**Task data**
#####
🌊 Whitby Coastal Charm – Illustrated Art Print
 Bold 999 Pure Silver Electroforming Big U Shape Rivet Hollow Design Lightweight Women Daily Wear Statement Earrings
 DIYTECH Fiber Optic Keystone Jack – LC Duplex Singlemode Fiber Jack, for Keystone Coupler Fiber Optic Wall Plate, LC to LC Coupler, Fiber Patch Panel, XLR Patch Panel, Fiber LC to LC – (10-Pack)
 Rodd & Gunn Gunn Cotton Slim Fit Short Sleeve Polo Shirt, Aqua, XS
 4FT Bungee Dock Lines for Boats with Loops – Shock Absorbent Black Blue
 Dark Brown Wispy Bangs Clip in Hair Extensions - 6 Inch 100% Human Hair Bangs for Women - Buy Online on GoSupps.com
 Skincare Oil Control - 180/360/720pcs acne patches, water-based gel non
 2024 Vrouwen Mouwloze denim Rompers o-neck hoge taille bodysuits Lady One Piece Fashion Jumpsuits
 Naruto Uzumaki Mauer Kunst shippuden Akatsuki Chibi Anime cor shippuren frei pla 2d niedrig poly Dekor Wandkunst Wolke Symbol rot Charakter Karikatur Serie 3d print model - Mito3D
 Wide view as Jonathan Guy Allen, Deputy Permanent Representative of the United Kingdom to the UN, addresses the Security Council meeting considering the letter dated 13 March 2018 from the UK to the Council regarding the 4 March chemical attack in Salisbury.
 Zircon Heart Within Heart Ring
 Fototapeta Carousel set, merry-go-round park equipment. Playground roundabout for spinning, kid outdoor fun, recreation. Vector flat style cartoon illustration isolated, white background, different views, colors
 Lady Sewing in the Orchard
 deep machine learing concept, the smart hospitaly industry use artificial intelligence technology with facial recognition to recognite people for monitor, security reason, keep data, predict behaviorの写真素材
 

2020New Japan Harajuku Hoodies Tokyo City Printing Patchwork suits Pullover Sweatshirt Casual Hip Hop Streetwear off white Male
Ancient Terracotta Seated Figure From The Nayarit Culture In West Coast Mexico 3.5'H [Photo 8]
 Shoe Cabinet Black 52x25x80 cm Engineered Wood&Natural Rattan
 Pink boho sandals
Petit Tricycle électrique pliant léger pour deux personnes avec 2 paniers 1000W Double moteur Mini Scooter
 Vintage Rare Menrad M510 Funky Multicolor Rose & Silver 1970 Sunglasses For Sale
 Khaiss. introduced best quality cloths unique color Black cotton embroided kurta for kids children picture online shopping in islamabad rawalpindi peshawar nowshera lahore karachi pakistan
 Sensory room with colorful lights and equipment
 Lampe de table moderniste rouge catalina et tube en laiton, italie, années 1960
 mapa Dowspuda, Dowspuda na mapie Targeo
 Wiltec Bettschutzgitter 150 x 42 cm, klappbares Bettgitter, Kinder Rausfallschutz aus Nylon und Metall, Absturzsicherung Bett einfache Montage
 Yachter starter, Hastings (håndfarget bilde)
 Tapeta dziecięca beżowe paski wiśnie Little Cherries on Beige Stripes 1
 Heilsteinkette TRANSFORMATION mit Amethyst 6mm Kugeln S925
#####
**Work to be completed**
Search the entries above for the string "white". Copy each line that holds it.

**Result for this task**
 Fototapeta Carousel set, merry-go-round park equipment. Playground roundabout for spinning, kid outdoor fun, recreation. Vector flat style cartoon illustration isolated, white background, different views, colors
2020New Japan Harajuku Hoodies Tokyo City Printing Patchwork suits Pullover Sweatshirt Casual Hip Hop Streetwear off white Male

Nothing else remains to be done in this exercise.